TechWhirl (TECHWR-L) is a resource for technical writing and technical communications professionals of all experience levels and in all industries to share their experiences and acquire information.
For two decades, technical communicators have turned to TechWhirl to ask and answer questions about the always-changing world of technical communications, such as tools, skills, career paths, methodologies, and emerging industries. The TechWhirl Archives and magazine, created for, by and about technical writers, offer a wealth of knowledge to everyone with an interest in any aspect of technical communications.
Subject:Re: Web indexing From:John Seaman <jseaman -at- EUKC -dot- FREESERVE -dot- CO -dot- UK> Date:Sat, 26 Jun 1999 15:18:23 +0100
wrt Rowena Hart's posting on indexing web sites.
I've done a couple of big HTML documents that needed an index.

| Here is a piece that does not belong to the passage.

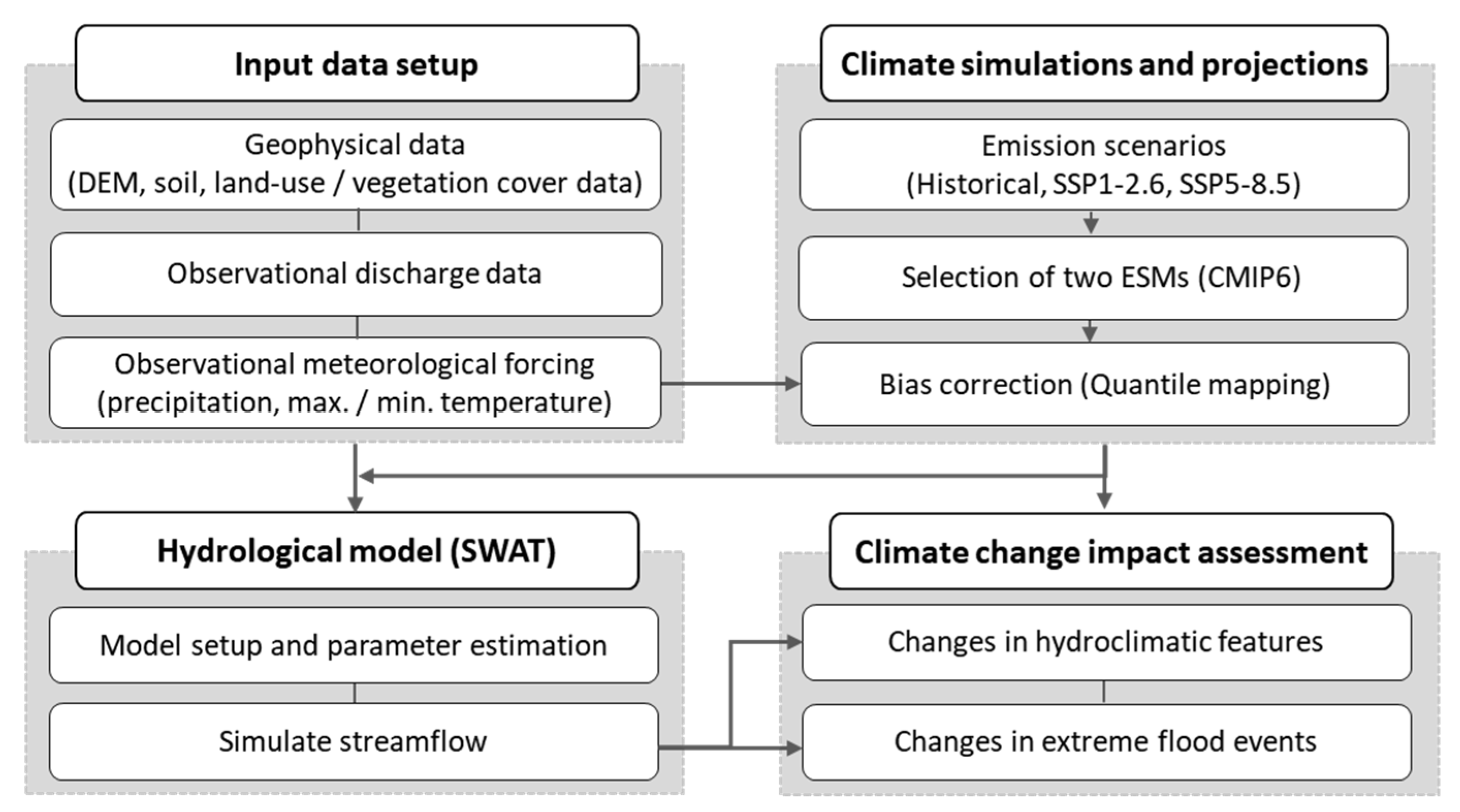 Sustainability 13 12037 g001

I really wanted to supply a search engine with the documents, but the
customer couldn't accept any deliveries that included executable code or
anthing that would require them to install Java VM. This excluded all the
search engines I could find out about at the time, so I had to produce an
index.
I considered the format Rowena mentions:
>digital certificates, creating 1 2 3 4
>
>where the numbers are hyperlinks back to the referenced term.

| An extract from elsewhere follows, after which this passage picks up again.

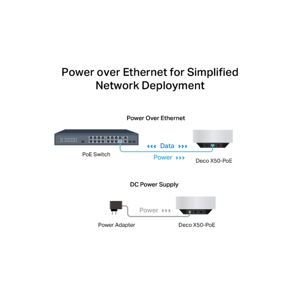 tp-link-deco-x50-poe-2-pack-home-mesh-wifi-system-51950-e0012636.webp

but decided that simple numbers didn't tell the readers enough for them to
decide whether it was the bit of the document they needed to see. Instead,
I decided on subentries based on the title of the topic in which they
occured. Something like this:
digital certificates, creating
from scratch
for awkward customers
when Jupiter aligns with Mars
where each of the subentries was a hyperlink back to the referenced term.
When I got down to it, I found this was taking way too long to set up given
that I was working to the "corporate standard deadline" (i.e. current date
minus two days). Fortunately, the larger parts of the documents in question
were generated from databases so I could arrange for the index files to be
created semi-automatically. I imagine something similar could be set up for
any set of HTML files; a fairly straightforward bit of programming should be
able to search each file, copy everything between heading tags and squirt it
into a separate file, along with appropriate hyperlink tags to point back to
the file it came from.
The disadvantage of the resulting index was that entries and subentries
consisted of the unrefined text of the topic headings. For example:
creating digital certificates
rather than
digital certificates, creating
which is what you would usually see in an index.
This could cause some frustration for readers of a paper document, but in an
online version, they could use their browser's Find function to search for
topics by key word. I added a short instruction on using the Find function
at the top of the index just to be sure. Feedback from the customers is
good so far.
I'm conscious of the fact that my solution was no better than an acceptable
workaround given the time constraints, so I'm looking forward to postings
from others who have come up with more considered solutions.